Filming took place around the South West of England, particularly in Bristol and at the city’s Bottle Yard Studios. The village of Bisley, in Gloucestershire, was transformed into Much Deeping.
On set, Lonsdale maximised the limited amount of time available to rehearse. “Just being able to have a conversation about how we saw these characters, how we saw their worlds and what the dynamics were was invaluable,” she explains.
“In terms of how I like to work, it depends [on the] actor. Rufus is a very instinctive actor. Usually, he and I would have a conversation and, most of the time, we would be very much on the same page. I trusted him, so a lot of it was just about giving him space. I would let the cameras roll in between takes and he would just keep going and going and, eventually, we would know when we hit the sweet spot. We had a really good connection and it allowed us a sense of freedom.”
A traditional pagan parade that rolls through the centre of Much Deeping in episode one provided one of the challenges facing the director, with “many, many” extras brought in to fill out the crowd scenes. “But my costume designer Charlotte Mitchell just went mad for it and was bringing in animal masks, creating them herself and designing different costumes,” Lonsdale says.
“We spoke about the formation of the parade, how it would move and what would happen within the scene while all of this giant procession was going on. We sketched it out and spent a lot of time planning camera moves, because you have very limited time to shoot it. There was a lot of organisation and a lot of rehearsals, and it was fun in the end.”
The Pale Horse, coproduced in the US by Amazon Prime Video, follows in the footsteps of Phelps‘ previous Christie adaptations – And Then There Were None, The Witness for the Prosecution, Ordeal by Innocence and The ABC Murders. Lonsdale says the latest in the series, distributed by Endeavor Content, stands apart for its 60s period setting and its compelling characters.

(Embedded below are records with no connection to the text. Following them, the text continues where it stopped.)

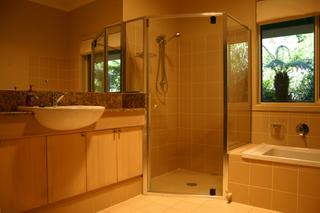 Bathroom (2005-09-13)
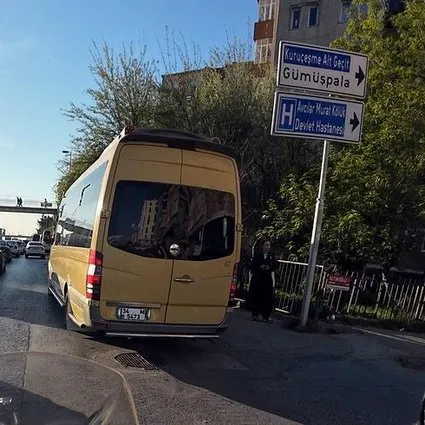 Kaldırımda ilerleyen yolcu minibüsü kameraya yansıdı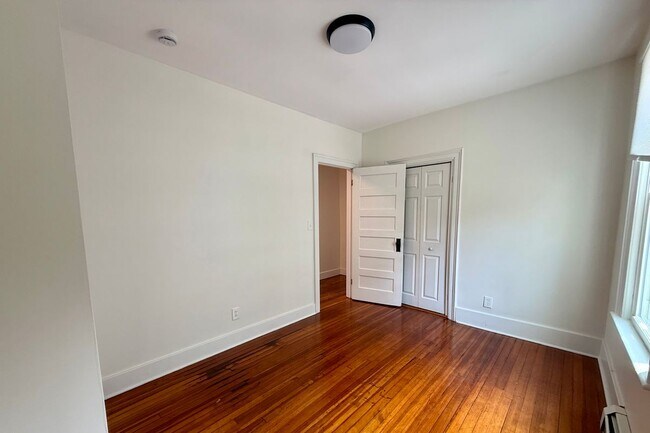 Building Photo - 9 Greenridge Place #1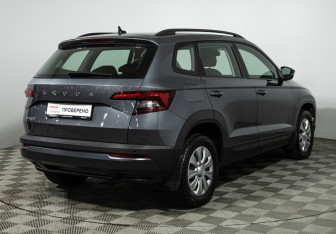 Подержанный автомобиль Skoda Karoq 2020 года (5 фото)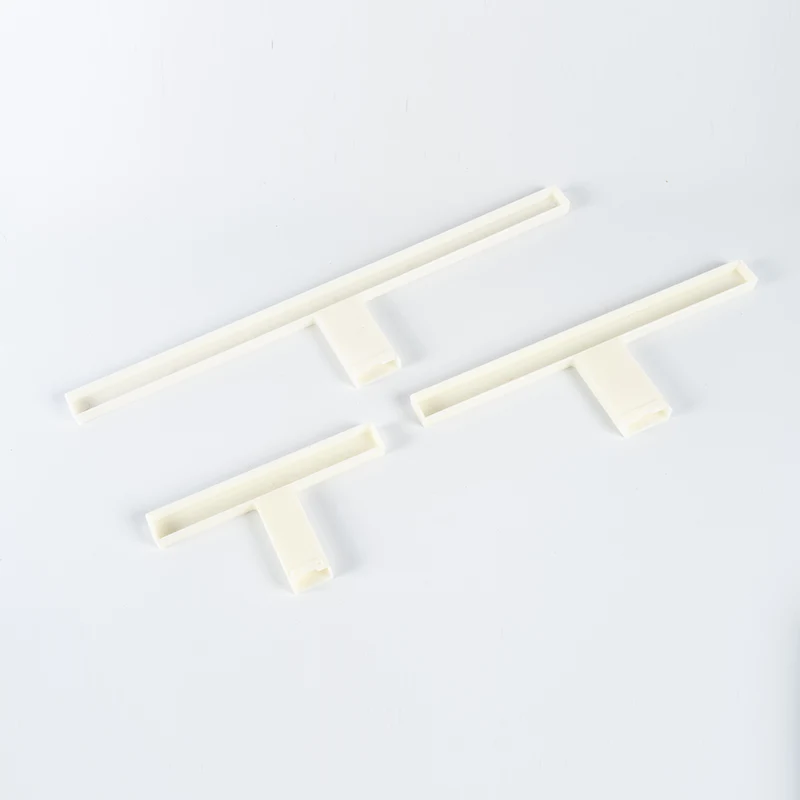 Involucri in plastica per apparecchi di illuminazione a LED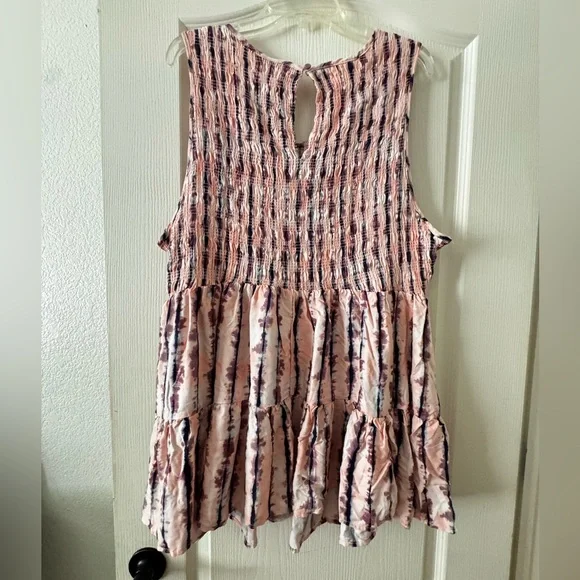 NWT Torrid Sleeveless Pink and Blue Tunic Top - Picture 3 of 7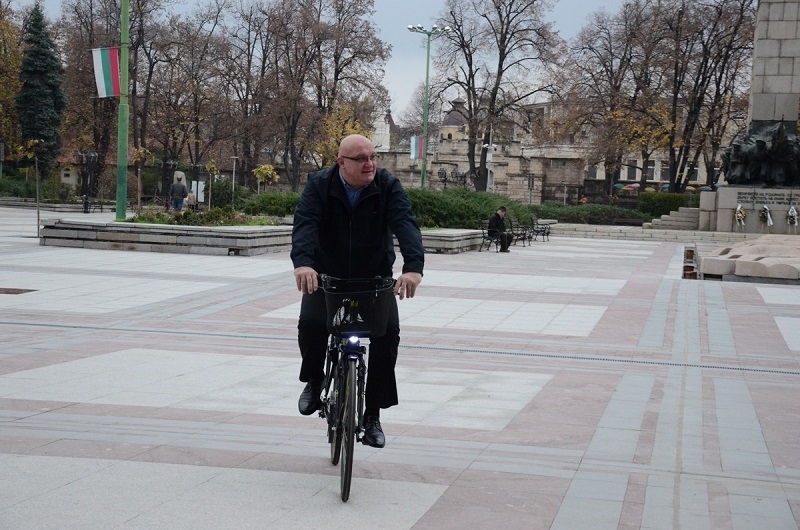 Новият градоначалник встъпил в длъжност само преди ден няма да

“We’ve got such an incredible cast – Rufus is incredible, Kaya [Scodelario as Hemia] is amazing, Sean Pertwee and the witches. It’s really the sunshine horror of the quintet,” she says. “I think and hope there’s a beauty to it and that it’s a really entertaining and interesting psychological look at Mark Easterbrook.”
But not even witches could see where this story is heading. “It’s going to surprise a lot of people,” Lonsdale adds. “I don’t think you can imagine where it’s going to take to you.”